(Web page caption snippets)
-.-.-

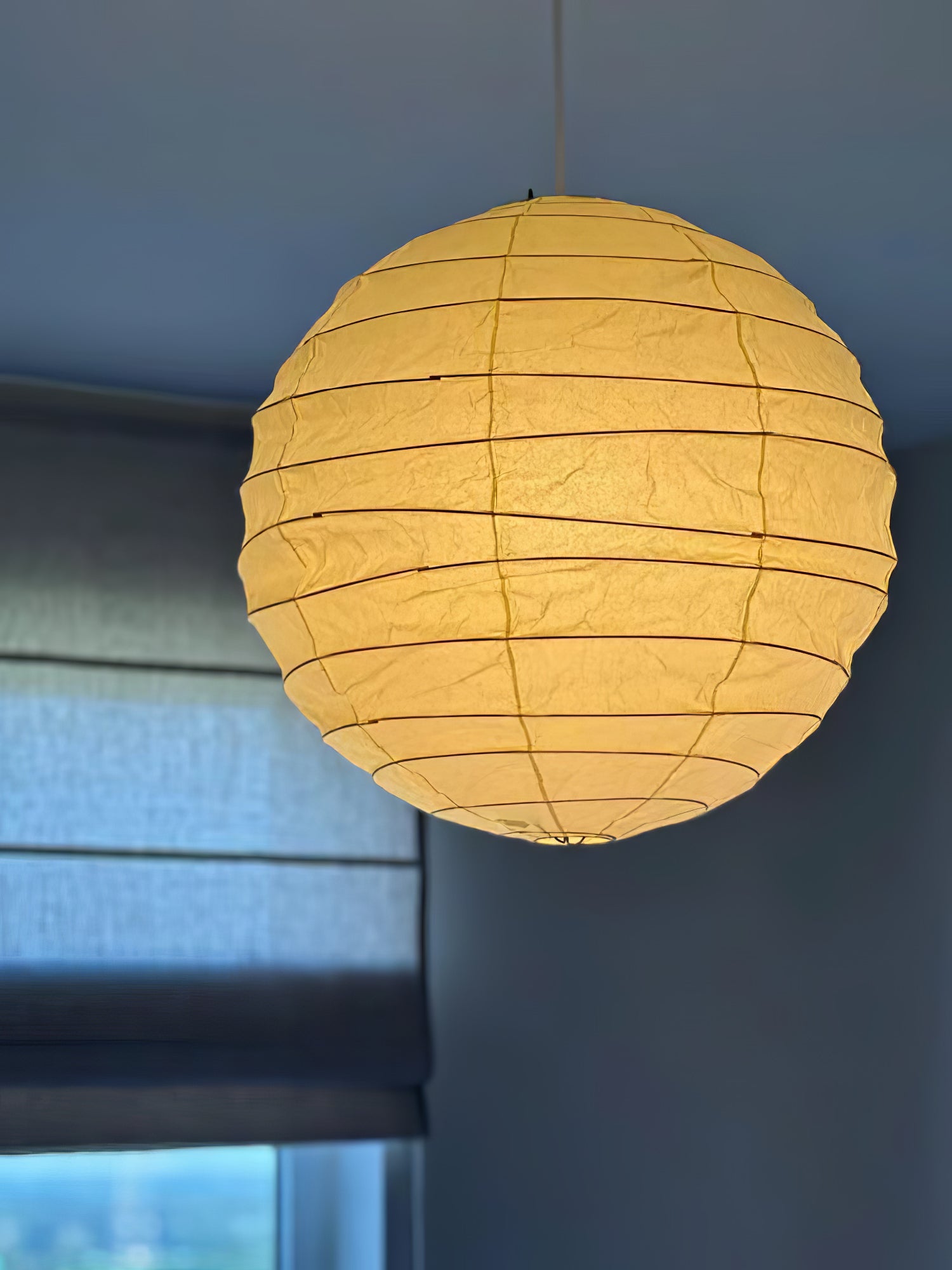 Nolden Paper Pendant Lamp-Neutral Decor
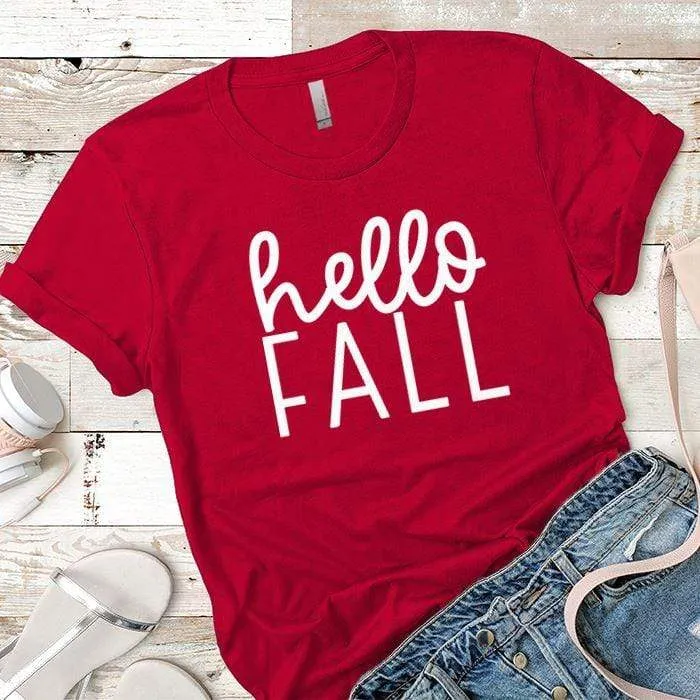 Hello Fall Premium Tees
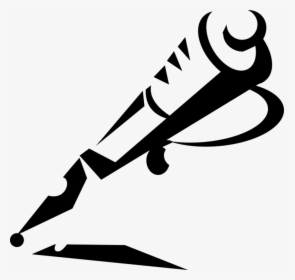 Vector Illustration Of Fountain Pen Writing Instrument, HD Png Download, Free Download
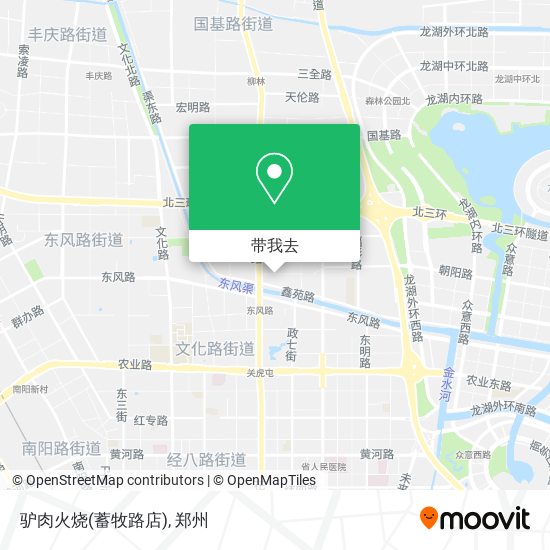 驴肉火烧(蓄牧路店)地图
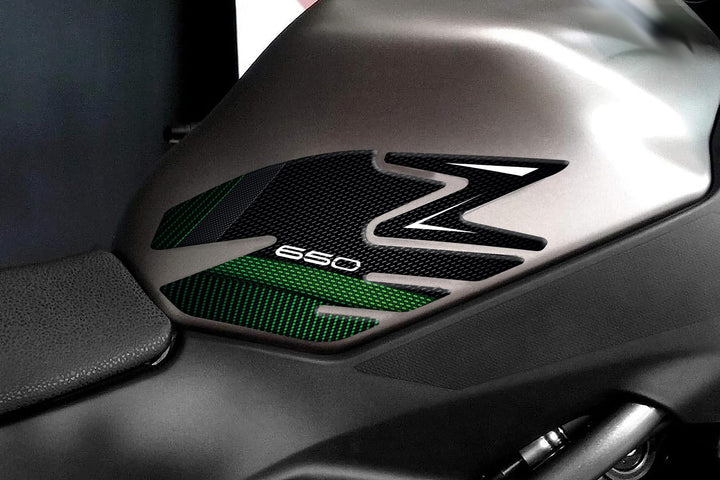 Aufkleber aus Harz, 3D-Effekt, kompatibel mit Kawasaki Z650 (Metallic Matte Graphenesteel Gray - Ebo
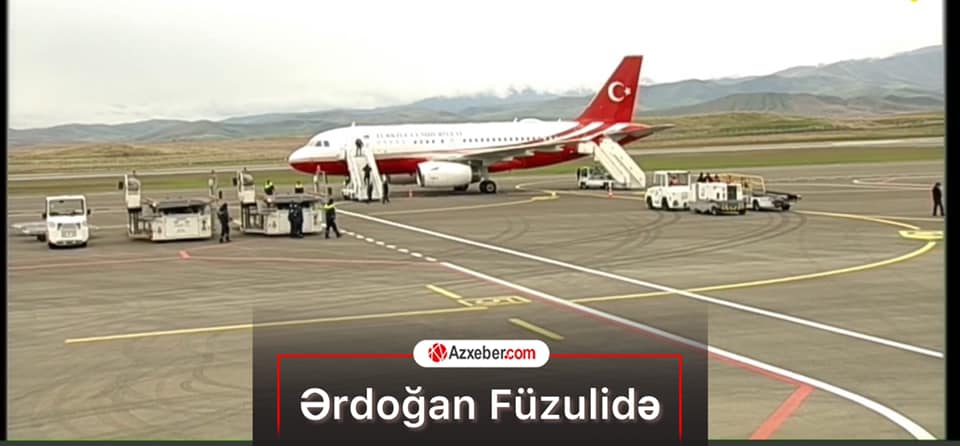 Ərdoğan Füzuli Beynəlxalq Hava Limanında - CANLI YAYIM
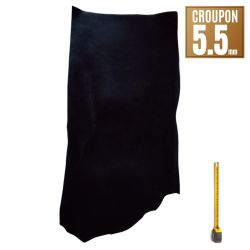 Croupon Harness épais 5,5 mm cuir Vachette Noir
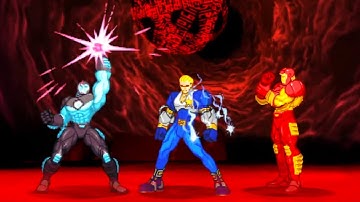 Marvel VS Capcom 2 - War Machine/Captain Commando/Iron Man - Expert Difficulty Playthrough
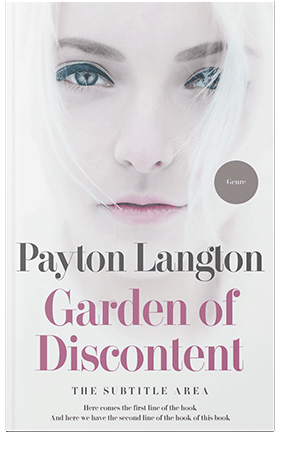 Pre Made Book Cover Bon Jour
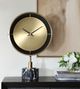 Uttermost® Velar Brushed Brass Modern Table Clock-1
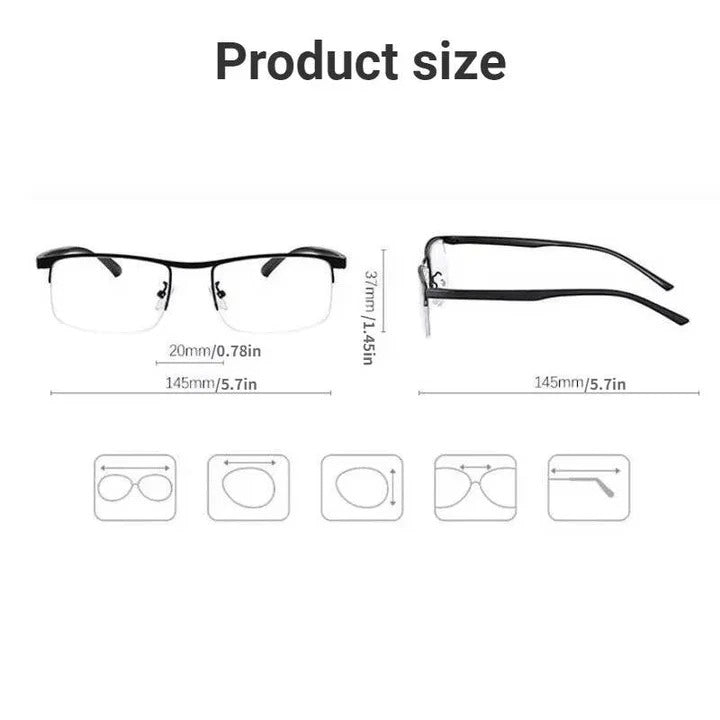 Stylish Anti Blue Light Reading Glasses with UV Protection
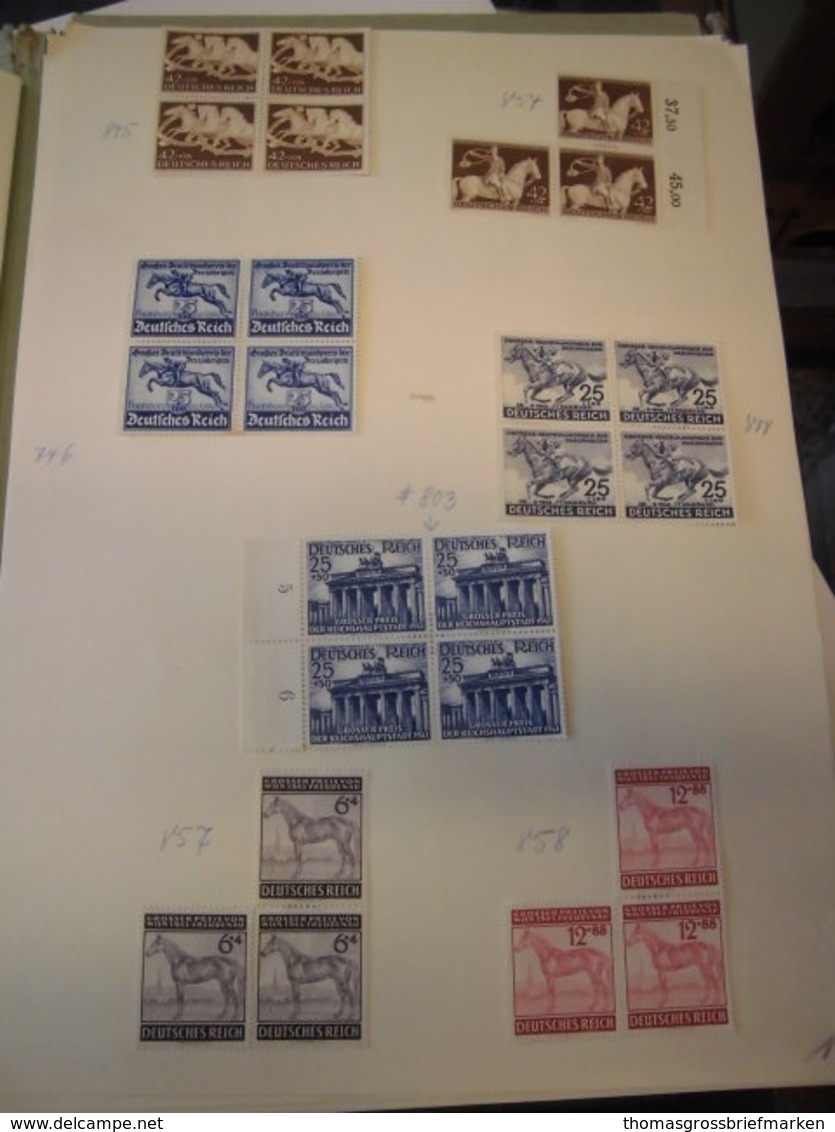 Sammlung Posten Deutsches Reich 1940-1945 + II. WK B+M U. GG Ungebraucht (330) - Ungebraucht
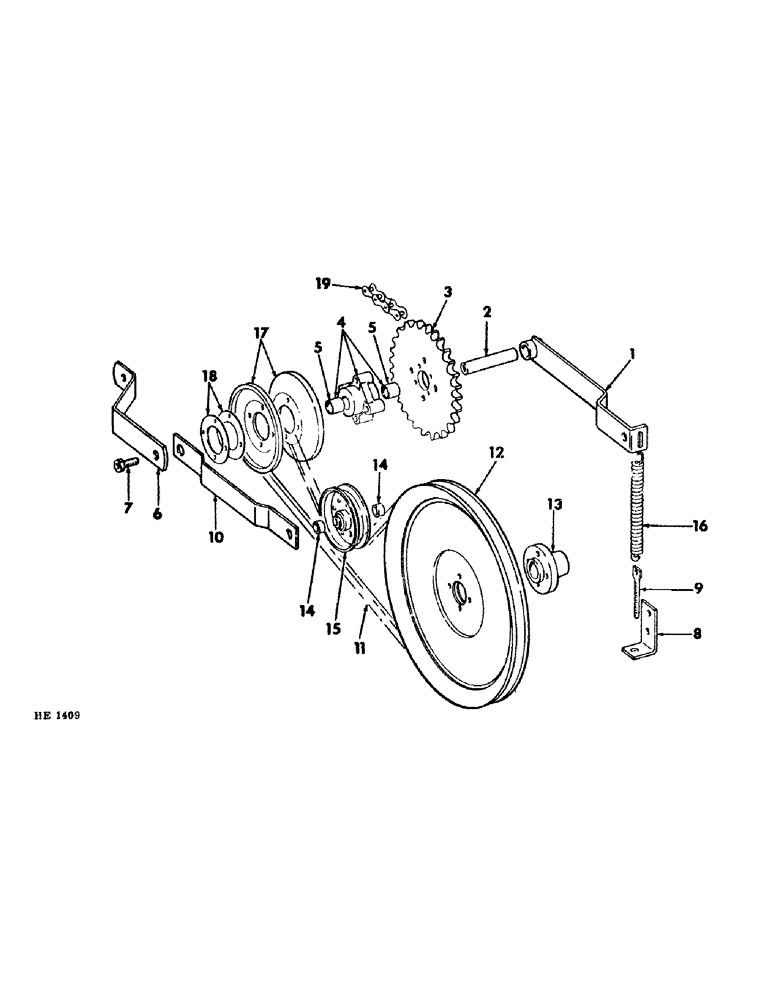 Схема запчастей Case IH 1290 - (26) - PLATFORM REEL DRIVE 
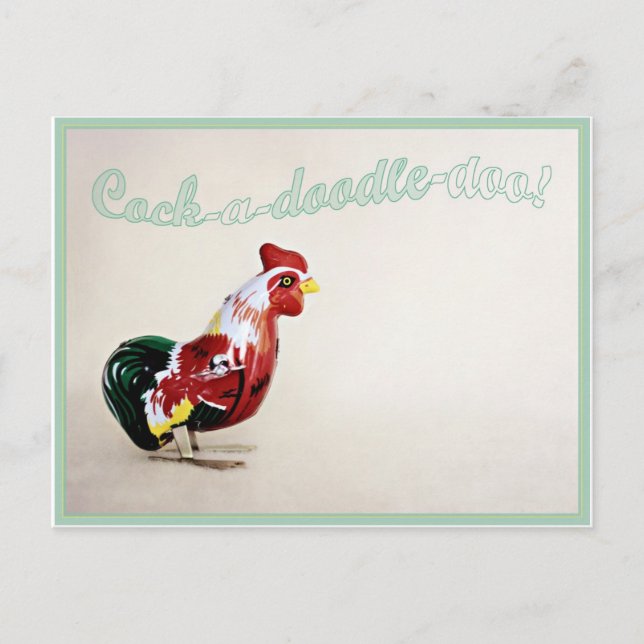 Rude Rooster Postcard Postkarte (Vorderseite)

-.-.-

Every line of the data should be copied as it stands, without the images.

 Nolden Paper Pendant Lamp-Neutral Decor
 Hello Fall Premium Tees
 Vector Illustration Of Fountain Pen Writing Instrument, HD Png Download, Free Download
 驴肉火烧(蓄牧路店)地图
 Aufkleber aus Harz, 3D-Effekt, kompatibel mit Kawasaki Z650 (Metallic Matte Graphenesteel Gray - Ebo
 Ərdoğan Füzuli Beynəlxalq Hava Limanında - CANLI YAYIM
 Croupon Harness épais 5,5 mm cuir Vachette Noir
 Marvel VS Capcom 2 - War Machine/Captain Commando/Iron Man - Expert Difficulty Playthrough
 Pre Made Book Cover Bon Jour
 Uttermost® Velar Brushed Brass Modern Table Clock-1
 Stylish Anti Blue Light Reading Glasses with UV Protection
 Sammlung Posten Deutsches Reich 1940-1945 + II. WK B+M U. GG Ungebraucht (330) - Ungebraucht
 Схема запчастей Case IH 1290 - (26) - PLATFORM REEL DRIVE 
 Rude Rooster Postcard Postkarte (Vorderseite)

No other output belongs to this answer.